Harvard Mourns Loss of Legendary Crew Coach Harry Parker

Harvard Mourns Loss of Legendary Crew Coach Harry Parker
Harry Parker served as head coach of the Harvard men's heavyweight crew team for 51 seasons (Tim Morse).

CAMBRIDGE, Mass. – Harvard Athletics is saddened to announce that Harry Parker, The Thomas Bolles Head Coach for Harvard Men's Heavyweight Crew, has passed away at the age of 77 after 51 seasons leading the Crimson.

"Harry Parker has been one of the nation's iconic coaches and educators," stated Bob Scalise, The Nichols Family Director of Athletics. "He has touched the lives and has influenced countless Harvard oarsmen over the years. His love of the sport, dedication to the success of his students and devotion to Harvard are evident in all Harry has done. His legacy and impact on our program over the last five decades will remain. We will miss him as a coach, role model, leader and a friend."

"Harry Parker epitomized the coach as teacher," said Harvard University President Drew Faust. "He saw each of his rowers not just an athlete but as a whole person, a person learning not just how to excel at a sport but how to live a life. Generations of Harvard students will forever remember his formative influence.

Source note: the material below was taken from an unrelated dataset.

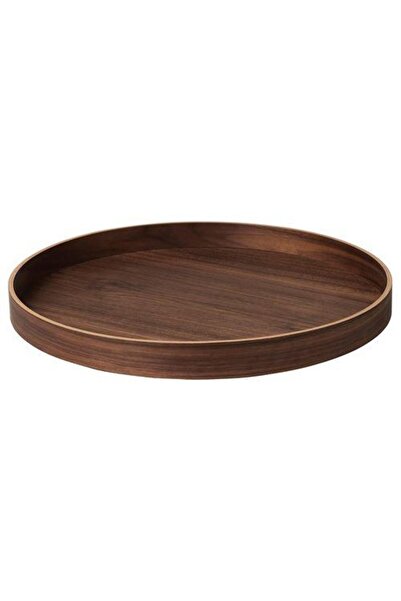 IKEA Yuvarlak Tepsi, Ceviz MeridyenDukkan 42 cm Kahverengi Sunumluk Servis Tepsi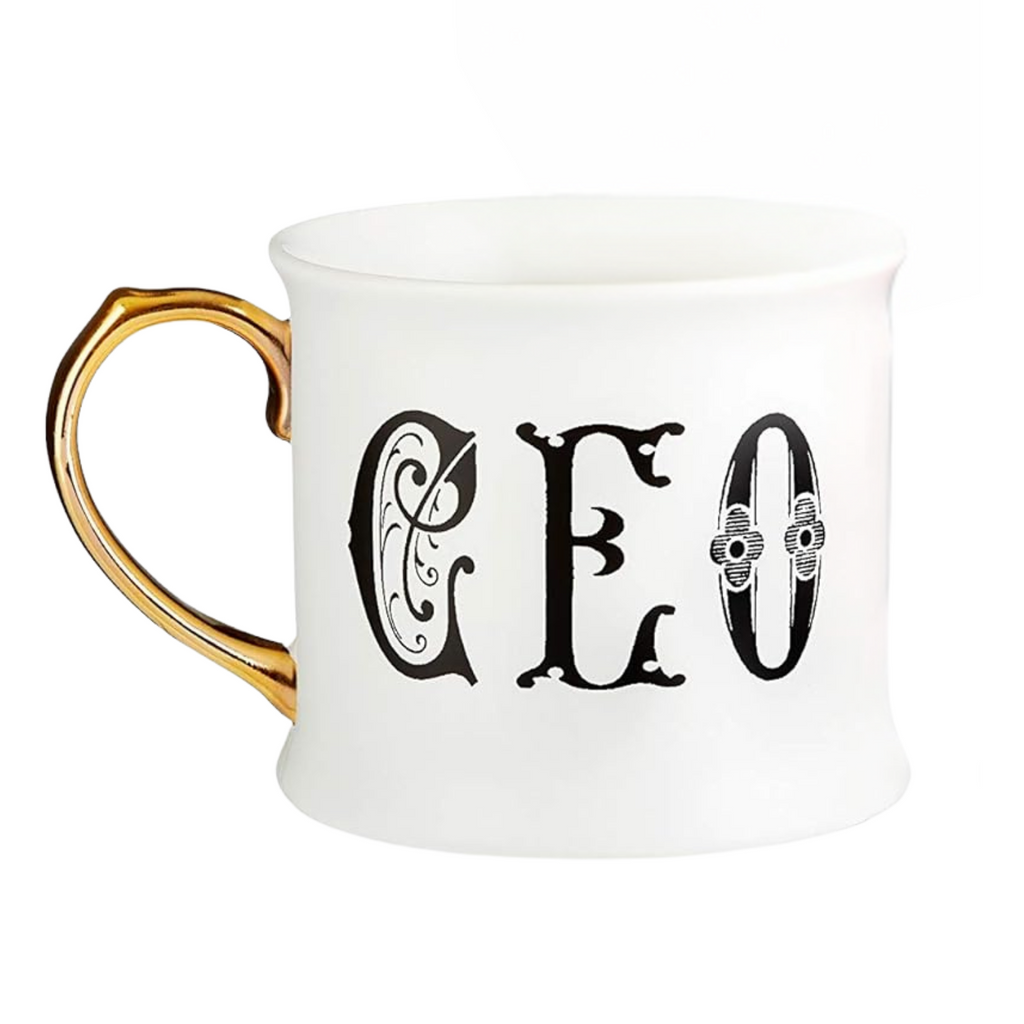 Victorian Style CEO Porcelain Mug with Gilded Handle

He was a living legend at Harvard and in the world of rowing, and his legend will long endure." 

Widely regarded as the premier rowing coach in the United States, Parker is survived by his wife, Kathy Keeler, sons, George '83 and David '85, MBA'91, daughter, Abigail '17, and grandchildren, David, Eric, Andrew, Anna and Noah.

A memorial service will be held later in the summer. Please check GoCrimson.com for updates on information regarding the memorial service.

Since taking over Harvard's heavyweight program in 1963, Parker guided the Crimson to 22 undefeated regular seasons, 24 EARC Sprints varsity titles, 21 second varsity Sprints crowns, and a combined 16 official and unofficial national championships. Parker also owned a 44-7 record at the Harvard-Yale Regatta, including six straight victories to close out his career, and had 18 student-athletes named Academic All-Ivy League over the last 20 years.

In 2012, Parker was also awarded the Harvard Medal for extraordinary service to the university. The Harvard Medal recognizes extraordinary service from teaching, leadership, and innovation to fundraising, administration, and volunteerism.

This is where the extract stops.